This works fine in python-pptx 0.6.19 with example.pptx.

But in 0.6.20, it raises a KeyError

Traceback (most recent call last):
  File "D:\anaconda\3.7\lib\site-packages\pptx\opc\package.py", line 505, in __getitem__
    return self._rels[rId]
KeyError: <pptx.opc.package._Relationship object at 0x00000242D5189A20>

During handling of the above exception, another exception occurred:

Traceback (most recent call last):
  File "killme.py", line 34, in <module>
    copy_slide(prs, source, 1)
  File "killme.py", line 24, in copy_slide
    for key, val in source.part.rels.items():
  File "D:\anaconda\3.7\lib\_collections_abc.py", line 744, in __iter__
    yield (key, self._mapping[key])
  File "D:\anaconda\3.7\lib\site-packages\pptx\opc\package.py", line 507, in __getitem__
    raise KeyError("no relationship with key '%s'" % rId)
KeyError: "no relationship with key '<pptx.opc.package._Relationship object at 0x00000242D5189A20>'"

Could you please guide me on what's changed, @scanny? Thanks!

scanny commented 2 years ago

Ah, interesting. So it looks like my (re)implementation of pptx.opc.package._Relationships as a subclass of the Mapping ABC is not quite correct. It appears that it expects _Relationships.__iter__() to generate the keys (rIds) of the relationship collection and I have it generating the relationship instances. That makes sense now that I see that error but escaped my attention during development.

So that's probably something for me to fix, but in the meantime, this replacement should do the trick:

    # --- change:
    for key, val in source.part.rels.items():
        target = val._target
        dest.part.rels.add_relationship(val.reltype, target, val.rId, val.is_external)

    # --- to:
    for rel in source.part.rels:
        dest.part.rels.add_relationship(rel.reltype, rel._target, rel.rId, rel.is_external)
sanand0 commented 2 years ago

Got it. Thanks @scanny.

Would the replacement you suggested work in earlier versions and future versions too? If so, I'll make this change permanent.
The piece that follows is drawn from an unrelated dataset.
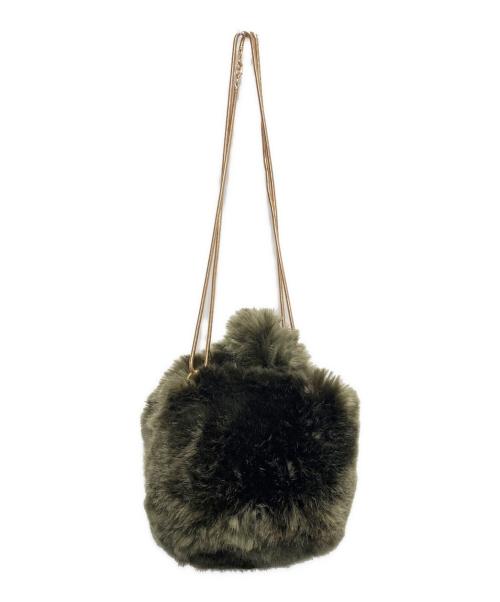 a point etc（アー ポワン ウテセ）a point etc (アー ポワン ウテセ) SAC CHLOE フェイクファーバッグ カーキの古着・服飾アイテム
scanny commented 2 years ago

Not so sure about that. In the original version, _Relationships inherited from dict I believe, and I'm not sure one could produce code that worked with both versions without branching on pptx.__version__.

The _Relationships object is not really an interface object so we don't feel compelled to maintain backward compatibility on it. That said, once the .__iter__() change is made it should work the same (like .items() works and other dict/mapping methods).

You could do something like:

from pptx import __version__

rels = (
    source.part.rels
    if __version__.split(".") < [0, 6, 21]
    else source.part.rels._rels
)

And then base your code on rels. _Relationships._rels is a dict holding the actual rId: _Relationship mappings in the latest version.

sanand0 commented 2 years ago

I'll plan accordingly. Thanks @scanny

MartinPacker commented 2 years ago

As a matter of interest, are you copying within a presentation? Or between presentations?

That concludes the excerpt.